Mr. Chief Justice Castille, Messrs. Justice Saylor, Eakin and Baer and Mesdames Justice Todd and Orie Melvin join the opinion.

Mr. Justice Saylor files a concurring opinion in which Mr. Chief Justice Castille and Madame Justice Orie Melvin join.

CONCURRING OPINION

MR. JUSTICE SAYLOR

I join the majority opinion. I write separately only to offer the following observations.

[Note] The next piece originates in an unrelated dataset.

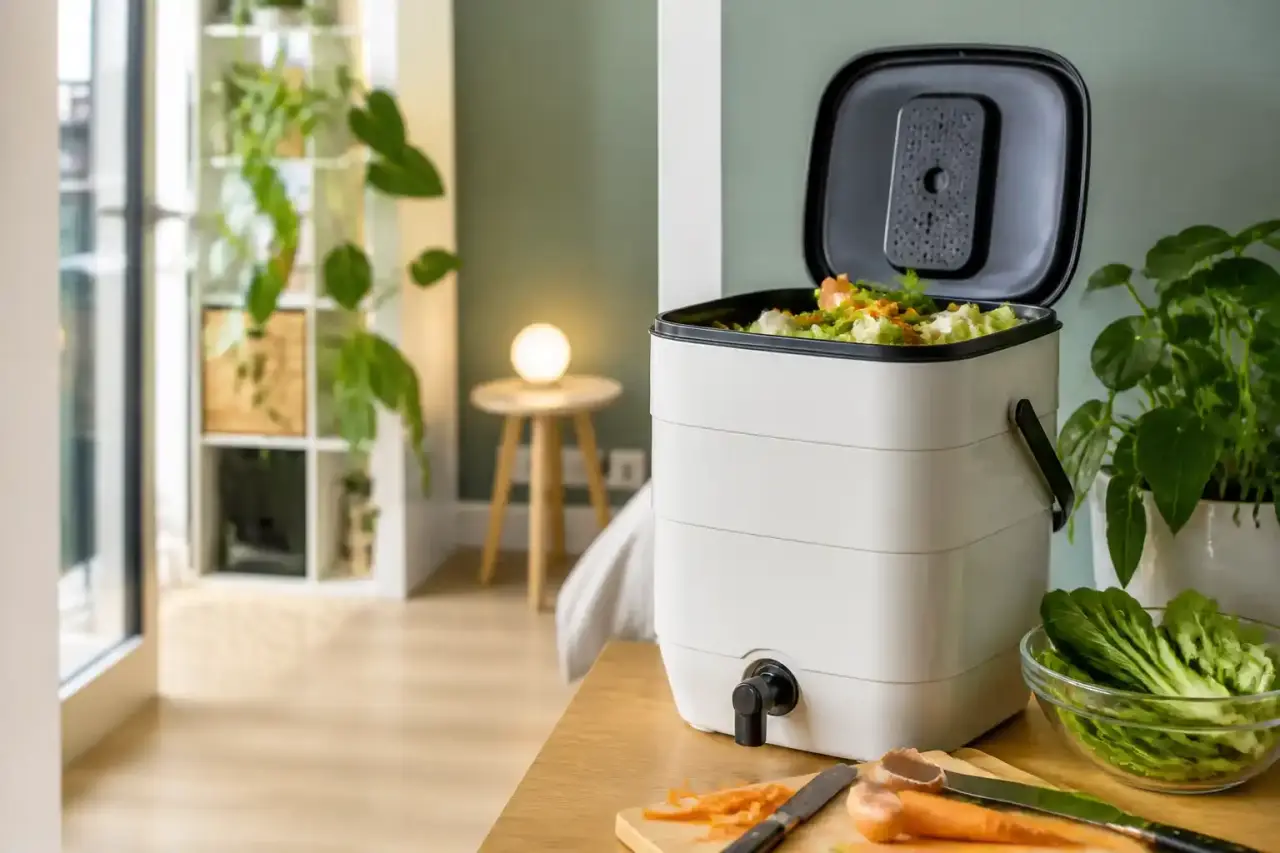 Composteur Bokashi design dans un studio lumineux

By permitting an uninsured motorist to recover damages from within the category of those the uninsured motorist was responsible to insure himself -- and, in particular, the $5,000 minimum first-party coverage required for medical benefits, see 75 Pa.C.S. §1711(a) -- the tortfeasor appears to be placed in a worse position, vis-a-vis an uninsured motorist, then he would have been had the plaintiff complied with the law and purchased the required coverage.*fn6 In point of fact, there is some resonance to the arguments of Appellant and his amicus -- and the position of the Superior Court -- that allowing the uninsured motorist to recover a full slate of damages from an at-fault driver is in tension with the Legislature's objective to penalize those who do not maintain mandated coverage.

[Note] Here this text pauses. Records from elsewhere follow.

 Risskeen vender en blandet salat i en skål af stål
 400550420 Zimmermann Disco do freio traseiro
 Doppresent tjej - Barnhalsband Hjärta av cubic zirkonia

That said, and as the majority explains, the MVFRL's distinction between first-party benefits and recovery of economic loss from third parties is plain enough, and I am particularly persuaded by the statute's placement of uninsured drivers in the same class as motorcycle operators, in terms of the availability of first-party benefits. See Majority Opinion, slip op. at n.5 (citing 75 Pa.C.S. §1714). Thus, while I recognize the incongruity, from a tortfeasor's perspective, in disadvantaging him (or, ultimately, his insurer) on account of a plaintiff's failure to maintain mandatory coverage, this appears to me to be a consequence of the legislative design and a matter inherently within the control of the General Assembly (subject only to constitutional considerations and constraints).

Mr. Chief Justice Castille and Madame Justice Orie Melvin join this concurring opinion.